That portability is also the risk. The same standardization that lets a trusted agent call your refund tool lets any client that obtains a valid token call it. There is no 'this tool is only for my agent' — the boundary is the token and the scopes, full stop.

So design as if an unfamiliar client will call every tool, because eventually one will. Least privilege, idempotency, and tracing aren't hardening you add later; on a portable interface they're the interface.

On a portable interface, the authorization model isn't a layer around the tool — it is the tool's contract.

The production checklist.

Before an MCP server faces real agents and real data: every tool gated by an OAuth scope it actually needs; no secret or raw upstream payload reachable from the model context; every write tool idempotent and rate-limited per caller; schemas versioned with a deprecation path for breaking changes; a structured trace on every call with IDs that reach upstream.

None of this is exotic. It's the same discipline any write-capable API earns before it ships. MCP just makes skipping it more expensive, because the thing on the other end is an autonomous loop that will find your missing idempotency guard faster than a human ever would.

Common questions

Do I need OAuth for an internal MCP server only my own agents call?

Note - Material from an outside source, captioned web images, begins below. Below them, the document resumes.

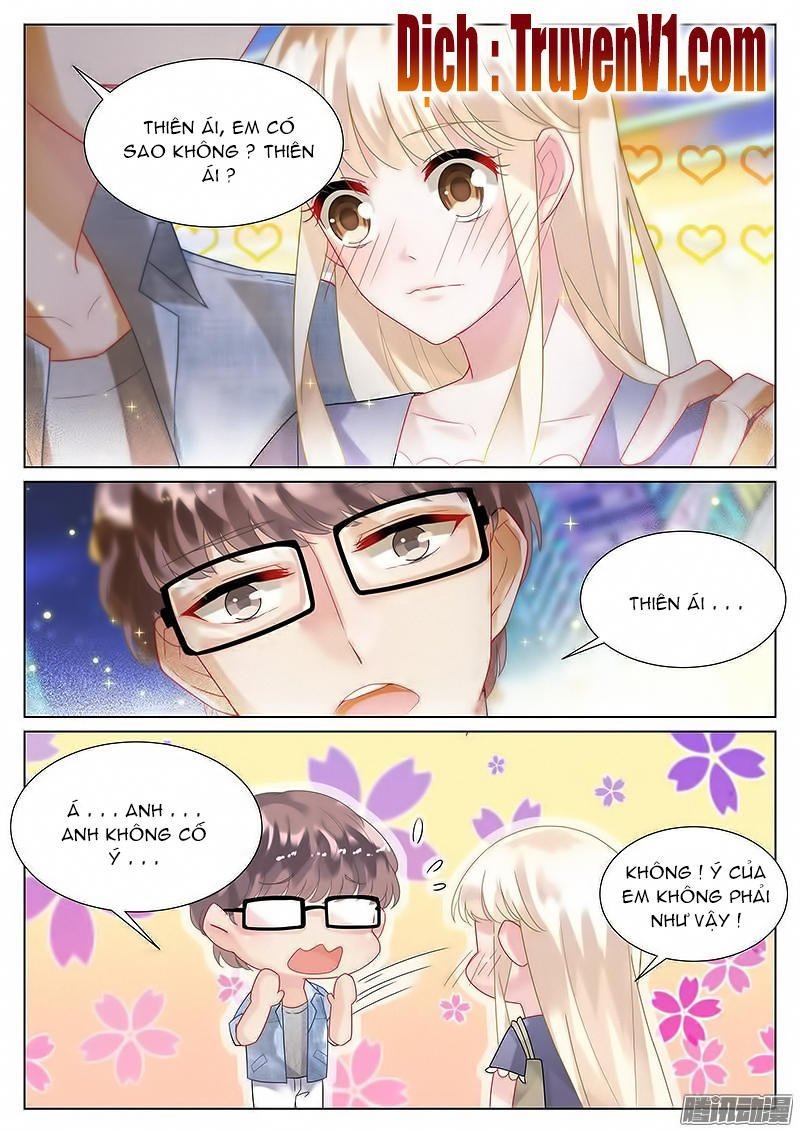 nhạ thượng thủ tịch tổng tài chapter 21 3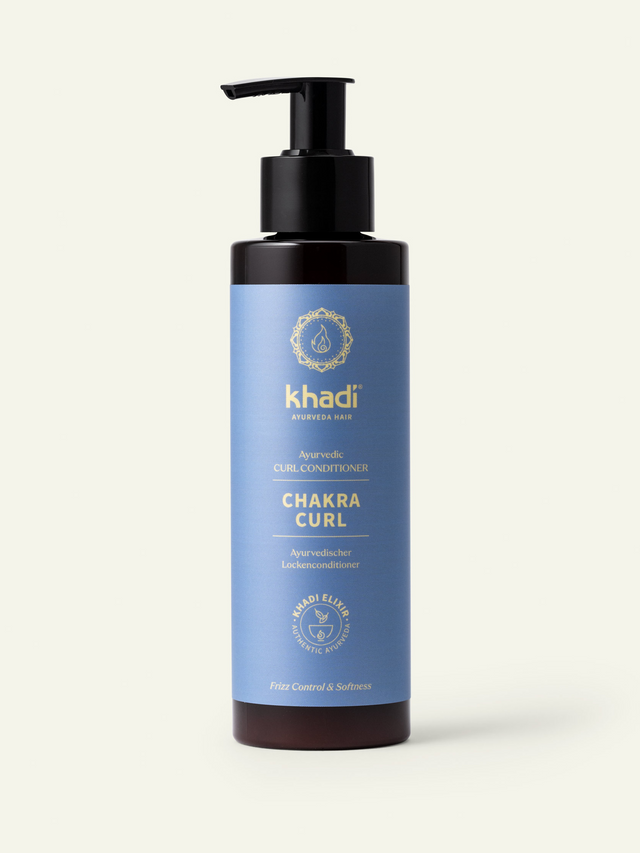 Odżywka Chakra Curl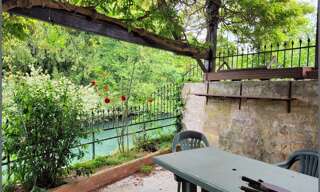 Maison 6 Pièces 142 m² à vendre à L'Isle-en-Rigault (55000)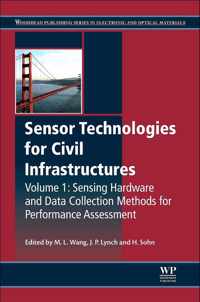 Sensor Technologies for Civil Infrastructures, Volume 1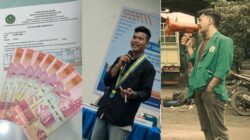 Ketimpangan Anggaran Poros Intim 2026, Tertulis Rp3,1 Juta, Mahasiswa IAIN Gorontalo Hanya Terima Rp700 Ribu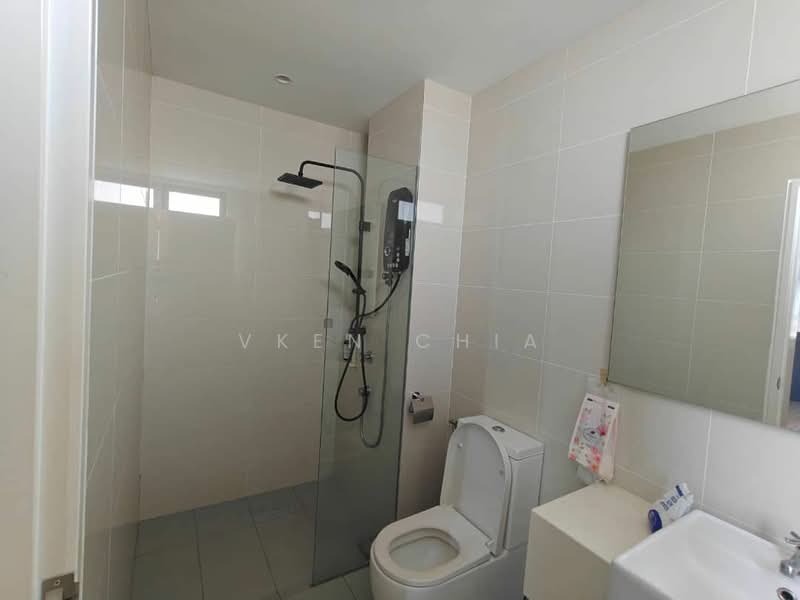 2-storey Terraced House for Sale in Sunway City Iskandar Puteri (Iskandar Puteri (Nusajaya)) - Vken Chia - Bathroom - PropertyGuru.com.my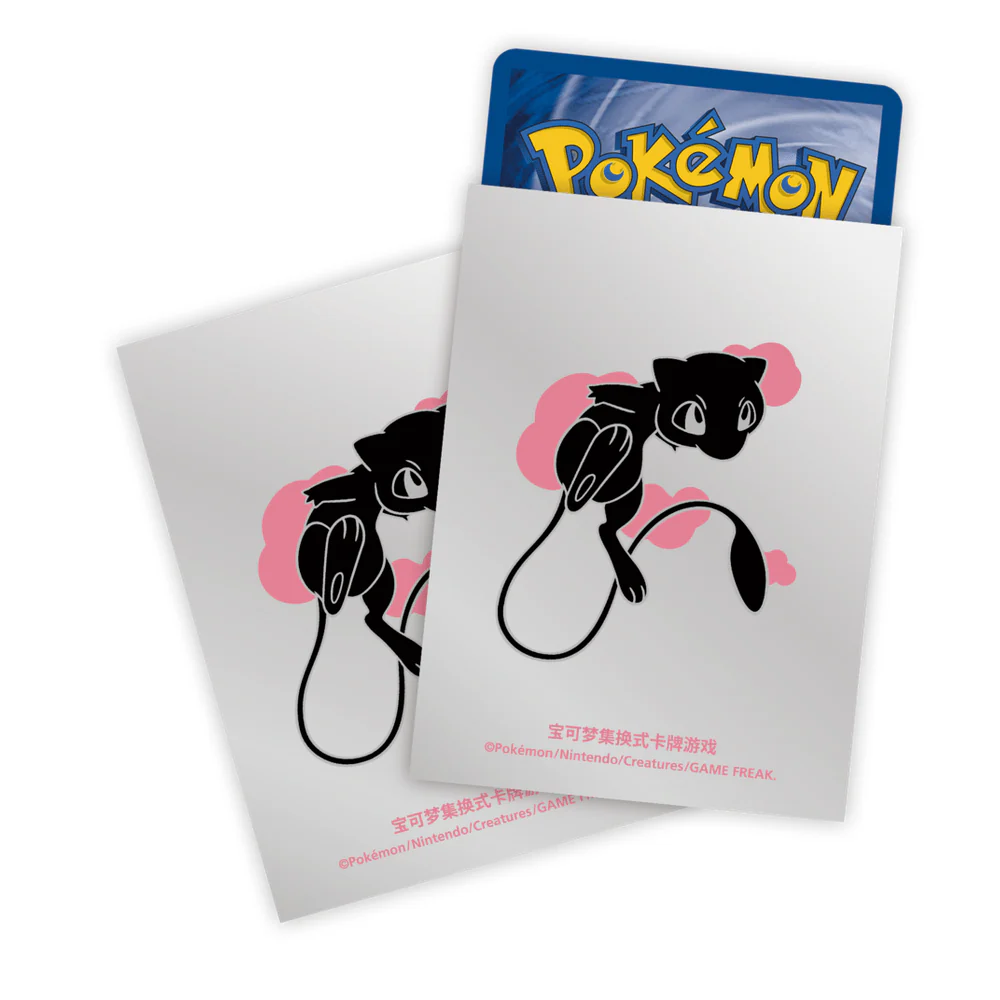 Pokemon Mew Elite Trainer Collection Box - Image 4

If it can write or touch sensitive data, yes. 'Internal' is a network assumption, not an authorization model — and MCP's portability means a client you didn't plan for can call any tool that holds a valid token. Scopes per tool give you a real boundary instead of a hopeful one. For a read-only server on a locked-down network the bar is lower, but you still want per-caller rate limits and tracing.

Where should idempotency keys come from — the agent or the server?

Prefer caller-supplied keys for write tools, because the agent knows when two calls represent the same intended action versus two genuinely separate ones. Fall back to deriving the key from the arguments when the caller doesn't send one. Either way, dedupe server-side with a TTL long enough to cover an agent's retry window — a day is a reasonable default.

How do I change a tool's schema without breaking agents already running?

Make additive changes freely — new optional arguments and new tools don't break existing plans. For anything breaking (renaming or removing an argument, narrowing a type, changing what the tool does), introduce a new tool name or version suffix and keep the old one through a deprecation window. An agent that re-reads the tool list at session start will pick up the change; one mid-task may still be planning against the old contract, so never pull it out from under it.